TASK:
Everything from the line holding "Cover image: The" through the last line of the data, and nothing else, should be retyped exactly, with no pictures.

INFORMATION:
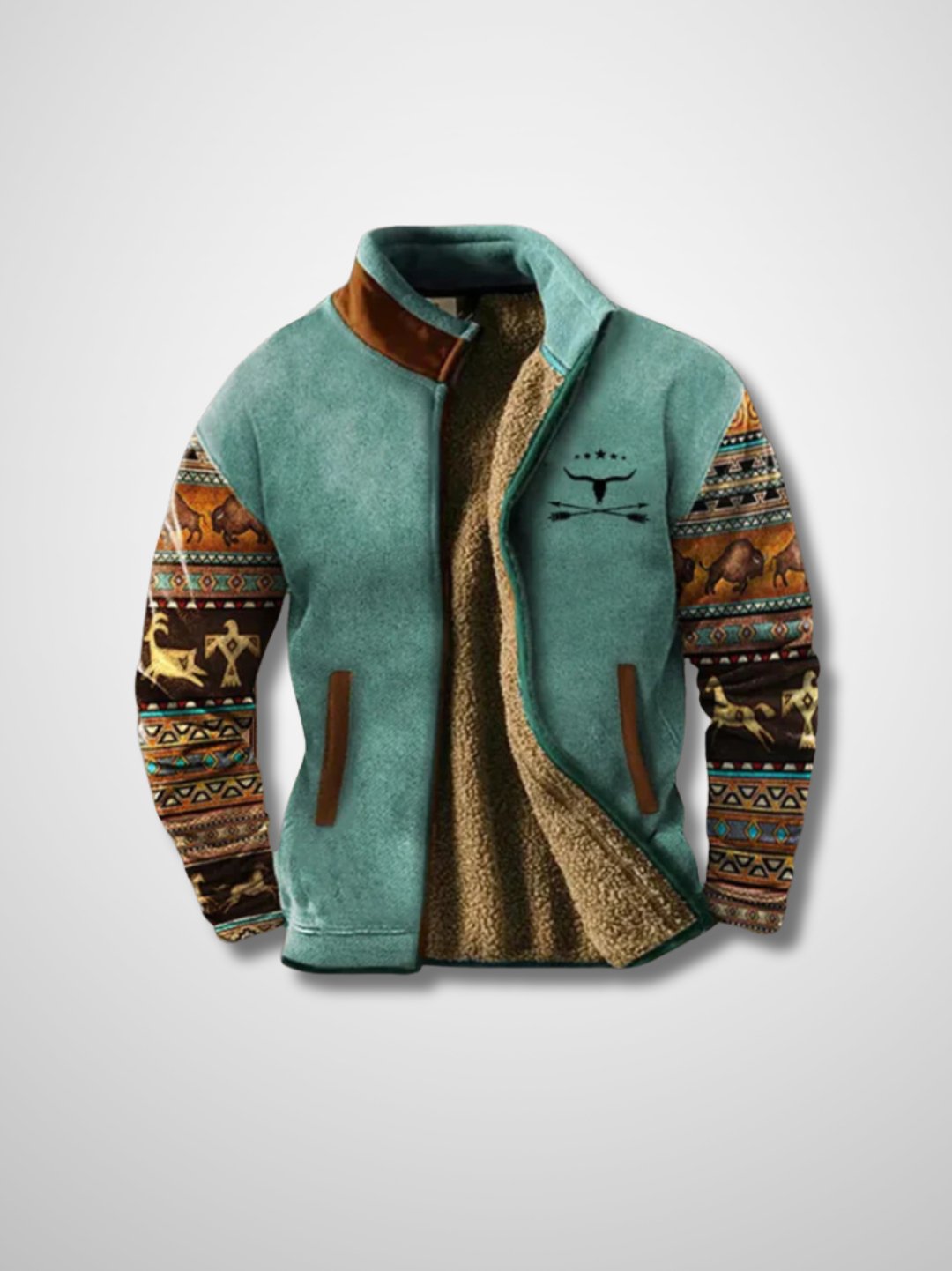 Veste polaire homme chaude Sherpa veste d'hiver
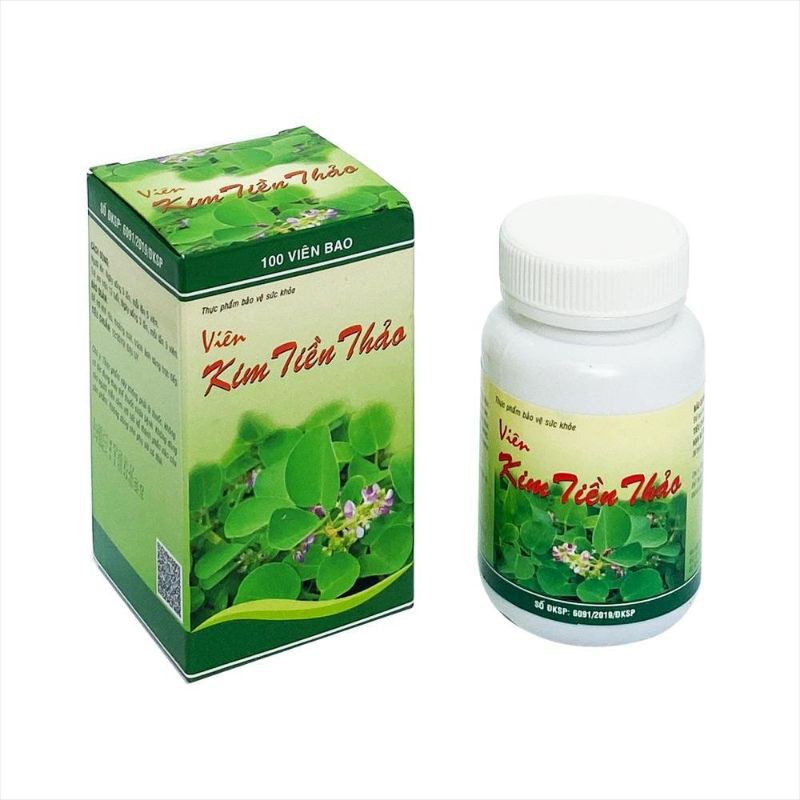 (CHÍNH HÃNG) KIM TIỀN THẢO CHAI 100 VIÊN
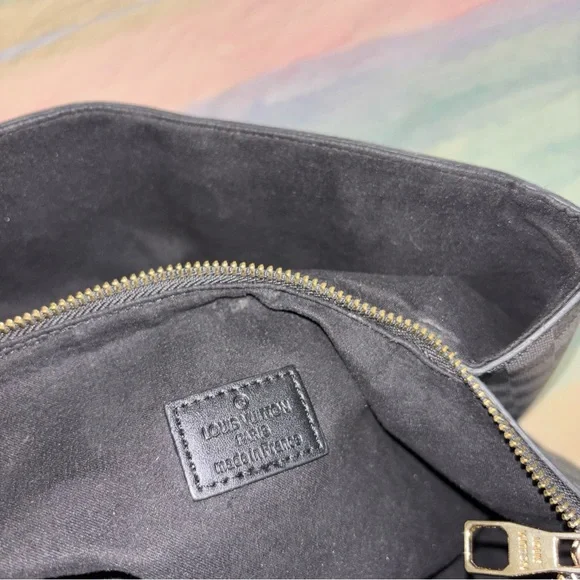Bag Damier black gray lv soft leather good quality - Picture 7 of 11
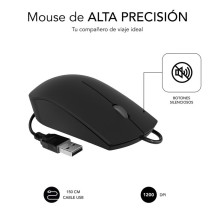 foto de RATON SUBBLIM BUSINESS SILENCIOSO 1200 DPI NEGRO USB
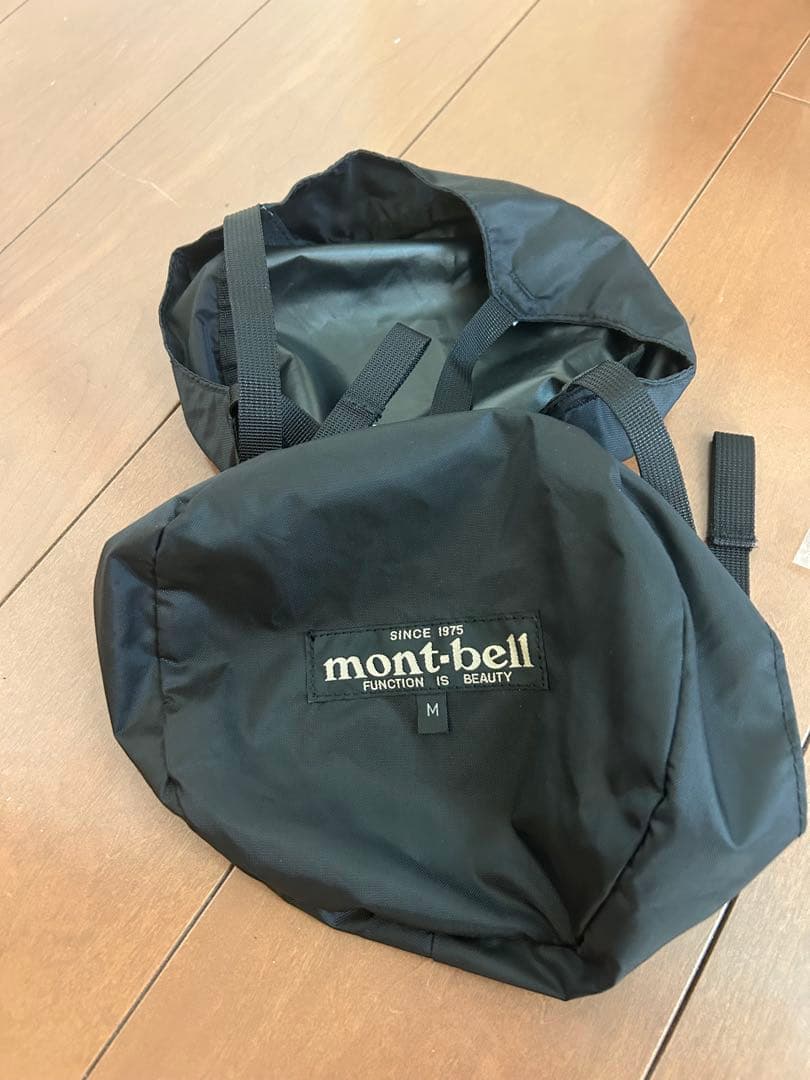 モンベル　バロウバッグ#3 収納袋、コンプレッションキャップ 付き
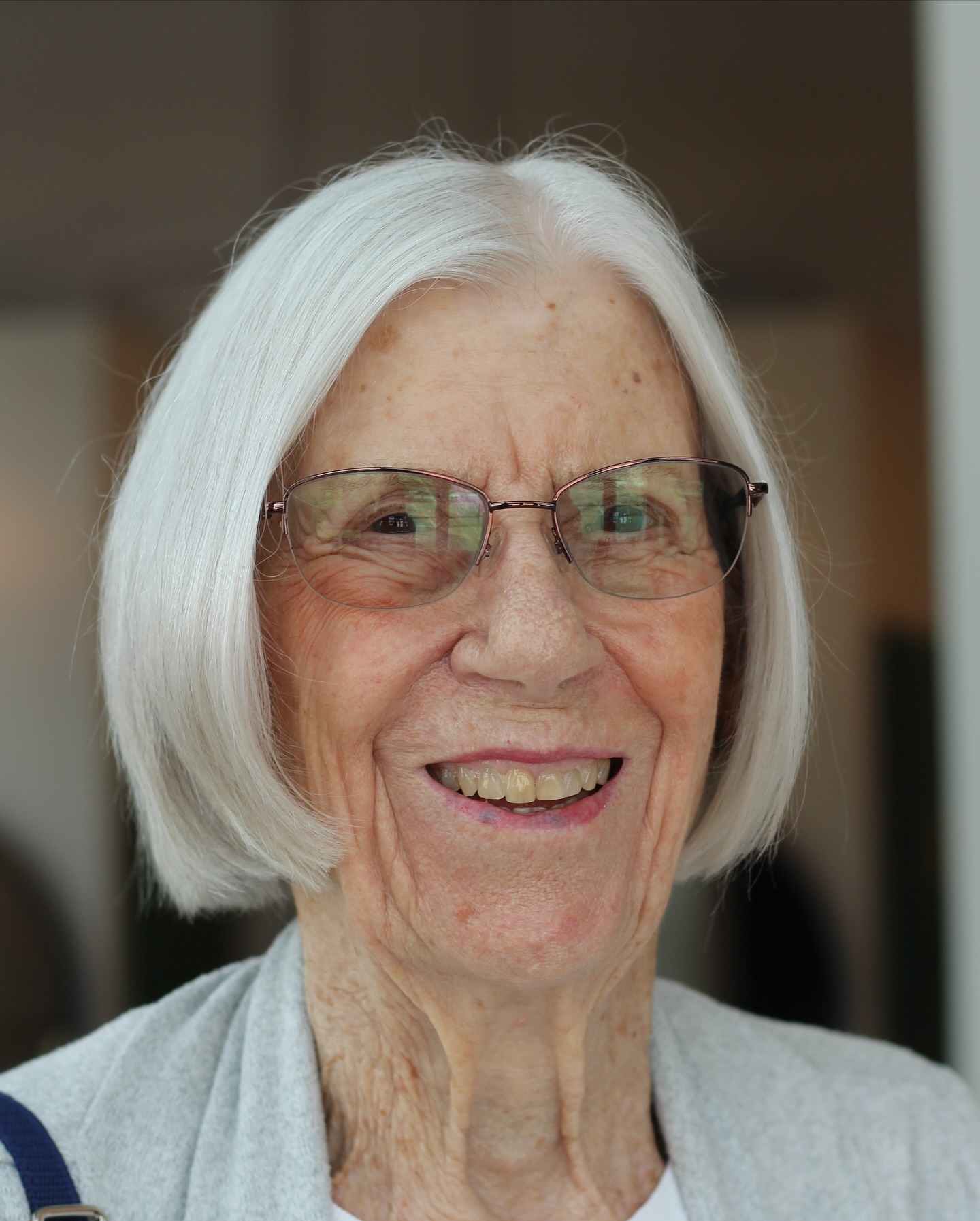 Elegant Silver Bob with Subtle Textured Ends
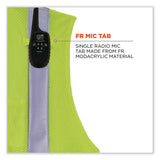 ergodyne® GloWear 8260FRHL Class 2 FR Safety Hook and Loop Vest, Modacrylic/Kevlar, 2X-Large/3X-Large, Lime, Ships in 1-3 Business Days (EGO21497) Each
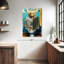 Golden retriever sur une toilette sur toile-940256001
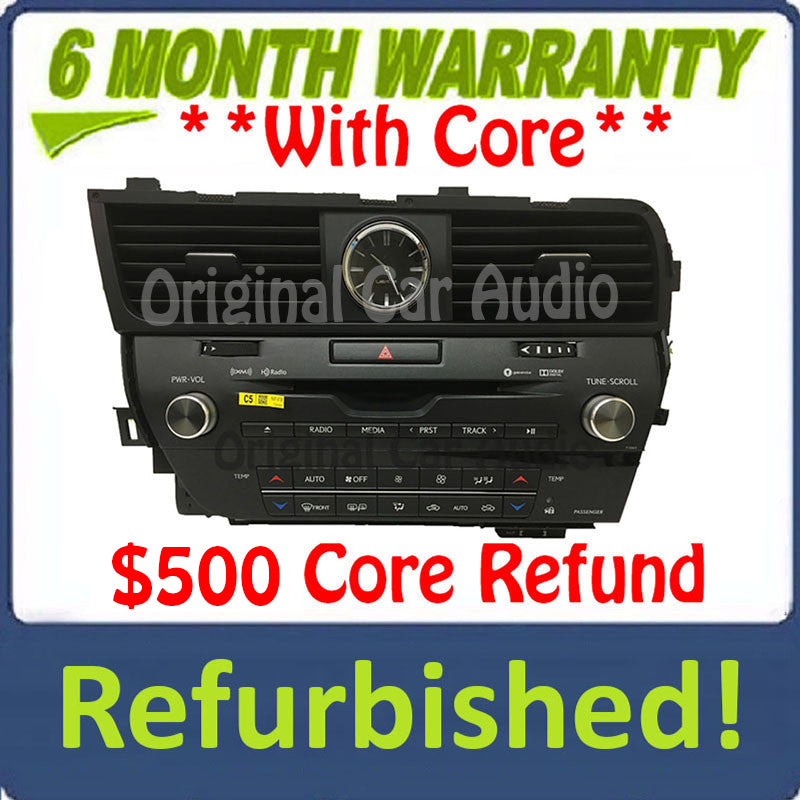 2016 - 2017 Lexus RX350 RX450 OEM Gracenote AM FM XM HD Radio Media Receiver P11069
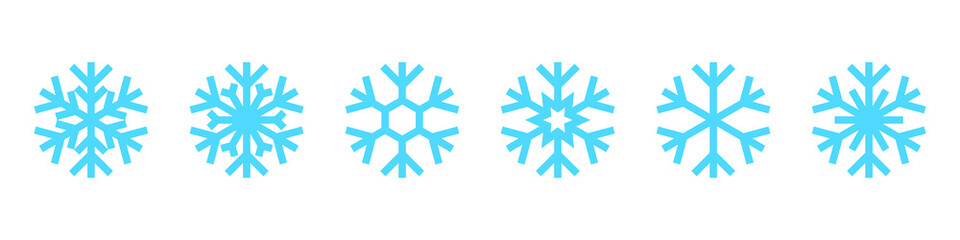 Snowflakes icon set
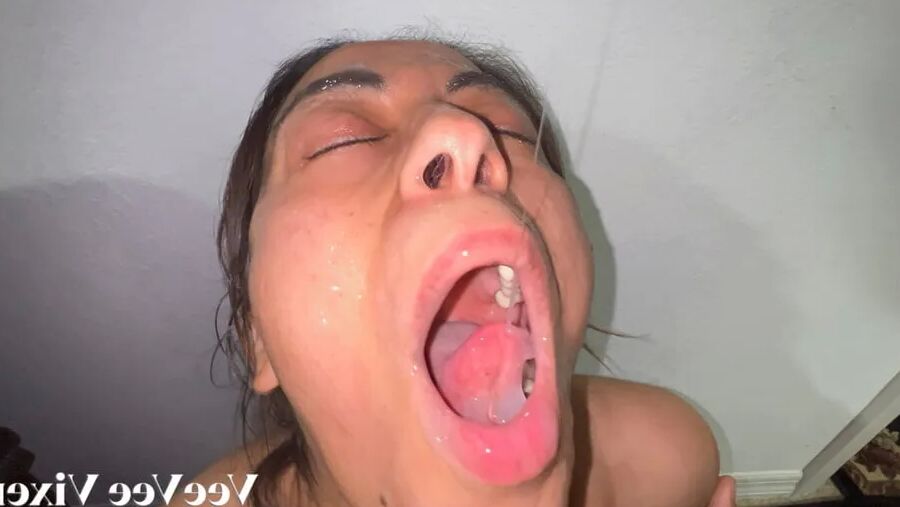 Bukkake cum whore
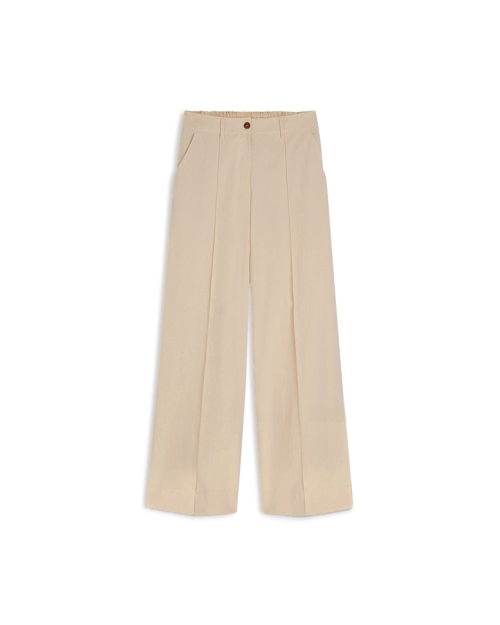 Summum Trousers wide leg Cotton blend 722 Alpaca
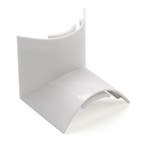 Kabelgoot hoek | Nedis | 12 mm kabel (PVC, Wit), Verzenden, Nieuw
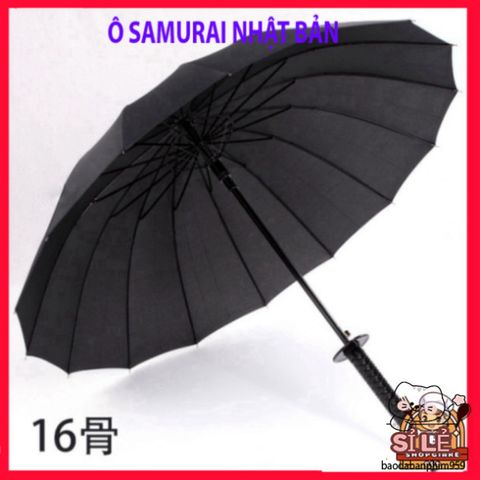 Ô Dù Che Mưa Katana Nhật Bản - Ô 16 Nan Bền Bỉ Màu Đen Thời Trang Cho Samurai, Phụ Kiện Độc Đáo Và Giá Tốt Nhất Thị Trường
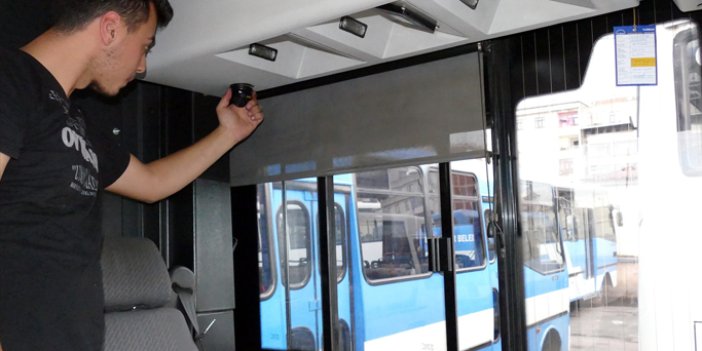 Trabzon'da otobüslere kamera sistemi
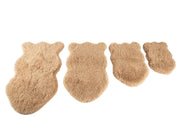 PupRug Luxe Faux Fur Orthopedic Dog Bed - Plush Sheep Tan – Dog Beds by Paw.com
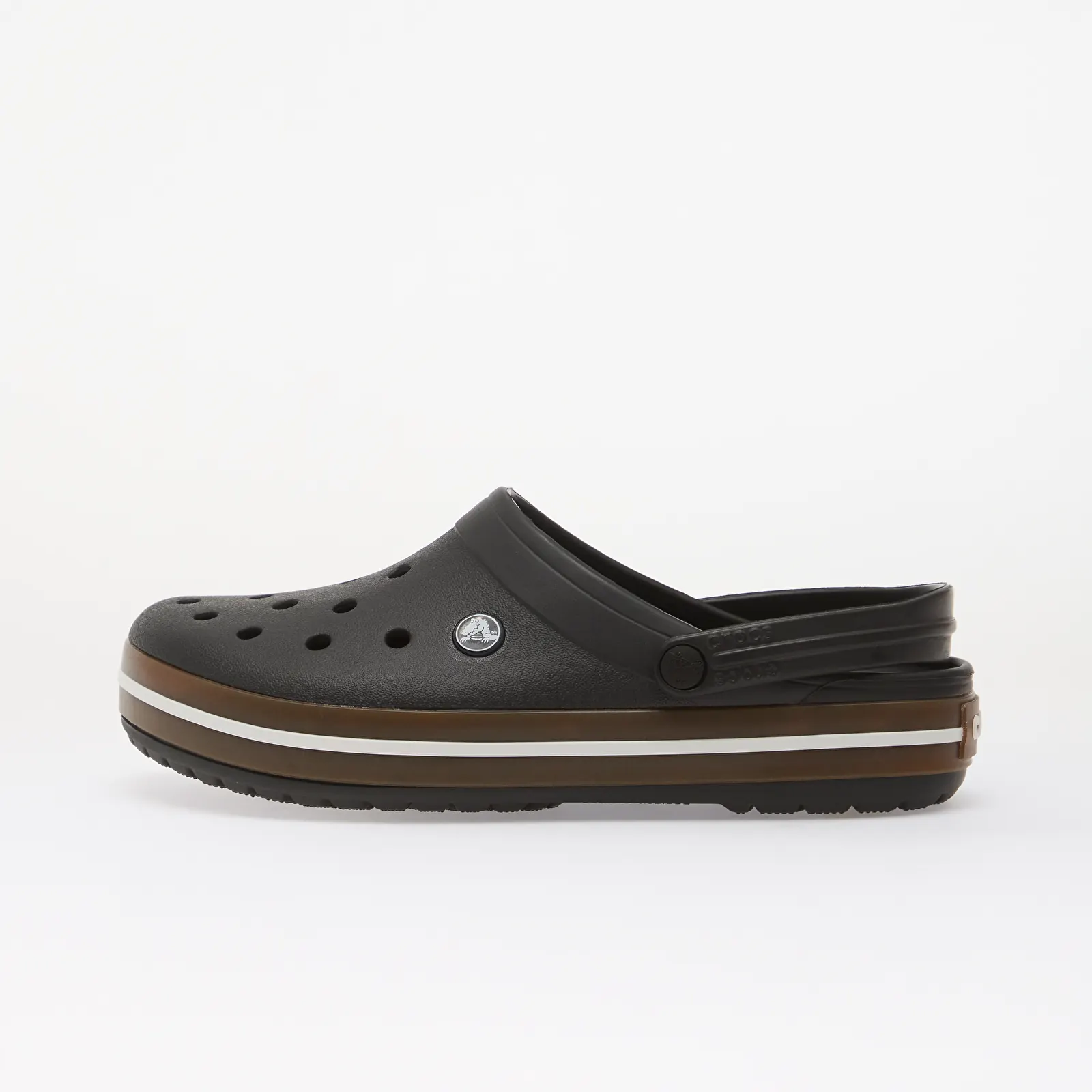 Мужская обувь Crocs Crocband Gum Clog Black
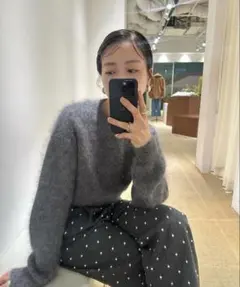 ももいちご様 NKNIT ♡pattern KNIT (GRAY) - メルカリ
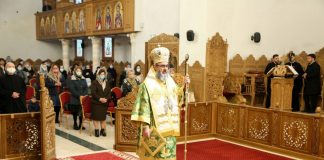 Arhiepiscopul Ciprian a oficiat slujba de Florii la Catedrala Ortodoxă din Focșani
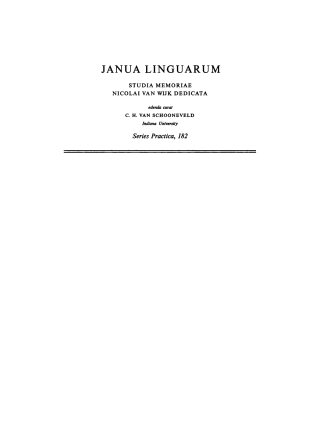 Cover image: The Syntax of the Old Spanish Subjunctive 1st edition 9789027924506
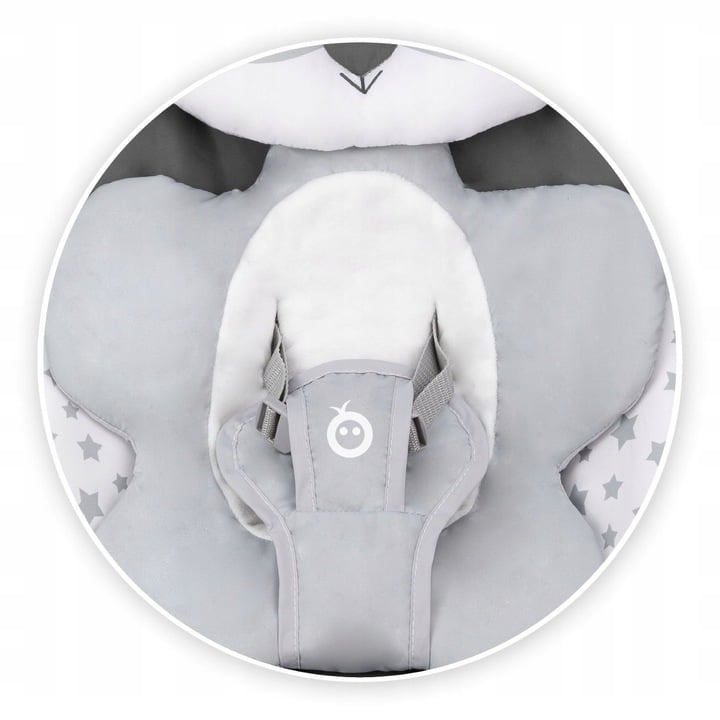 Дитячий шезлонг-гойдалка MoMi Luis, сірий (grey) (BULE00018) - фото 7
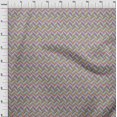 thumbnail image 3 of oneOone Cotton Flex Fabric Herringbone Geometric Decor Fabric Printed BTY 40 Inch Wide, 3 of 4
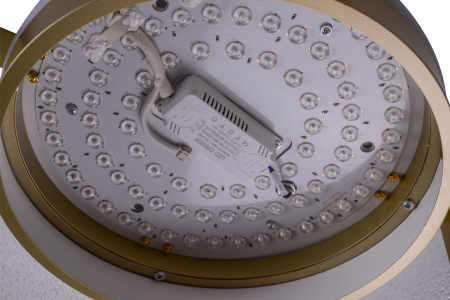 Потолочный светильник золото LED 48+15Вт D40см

FINISHED TASK:
 Cover image: The Syntax of the Old Spanish Subjunctive 1st edition 9789027924506
 Дитячий шезлонг-гойдалка MoMi Luis, сірий (grey) (BULE00018) - фото 7
 thumbnail image 3 of oneOone Cotton Flex Fabric Herringbone Geometric Decor Fabric Printed BTY 40 Inch Wide, 3 of 4
 Потолочный светильник золото LED 48+15Вт D40см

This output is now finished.